## Problem statement:
Reproduce the opening lines of the records exactly, up to and including the line in which "Osram - LED" occurs.

[Items from a dataset]

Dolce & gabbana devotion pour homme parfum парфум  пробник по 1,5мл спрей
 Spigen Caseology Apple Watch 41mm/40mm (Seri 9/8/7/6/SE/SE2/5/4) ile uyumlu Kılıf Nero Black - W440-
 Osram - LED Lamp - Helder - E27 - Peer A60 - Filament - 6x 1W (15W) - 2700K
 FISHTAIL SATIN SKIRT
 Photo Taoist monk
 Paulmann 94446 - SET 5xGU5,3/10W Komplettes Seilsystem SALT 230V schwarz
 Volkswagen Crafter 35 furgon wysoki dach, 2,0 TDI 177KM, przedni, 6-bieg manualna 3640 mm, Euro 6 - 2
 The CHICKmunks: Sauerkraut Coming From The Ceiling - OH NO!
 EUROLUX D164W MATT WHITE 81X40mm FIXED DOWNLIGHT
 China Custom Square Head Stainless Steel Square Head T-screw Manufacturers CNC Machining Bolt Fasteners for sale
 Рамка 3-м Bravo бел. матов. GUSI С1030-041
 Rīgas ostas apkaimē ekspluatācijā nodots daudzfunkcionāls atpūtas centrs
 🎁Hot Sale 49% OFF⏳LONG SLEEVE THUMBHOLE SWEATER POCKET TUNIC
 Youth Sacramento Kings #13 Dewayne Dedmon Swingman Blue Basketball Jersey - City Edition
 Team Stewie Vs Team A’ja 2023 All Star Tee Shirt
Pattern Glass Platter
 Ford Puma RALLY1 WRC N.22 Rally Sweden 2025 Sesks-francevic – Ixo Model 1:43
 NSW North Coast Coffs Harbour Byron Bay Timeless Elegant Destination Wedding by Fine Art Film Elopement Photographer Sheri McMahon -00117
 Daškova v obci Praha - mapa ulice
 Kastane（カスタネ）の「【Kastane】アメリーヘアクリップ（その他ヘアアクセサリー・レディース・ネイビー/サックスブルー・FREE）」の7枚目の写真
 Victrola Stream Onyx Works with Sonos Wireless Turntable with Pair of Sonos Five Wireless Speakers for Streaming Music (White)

## Finished exercise:
Dolce & gabbana devotion pour homme parfum парфум  пробник по 1,5мл спрей
 Spigen Caseology Apple Watch 41mm/40mm (Seri 9/8/7/6/SE/SE2/5/4) ile uyumlu Kılıf Nero Black - W440-
 Osram - LED Lamp - Helder - E27 - Peer A60 - Filament - 6x 1W (15W) - 2700K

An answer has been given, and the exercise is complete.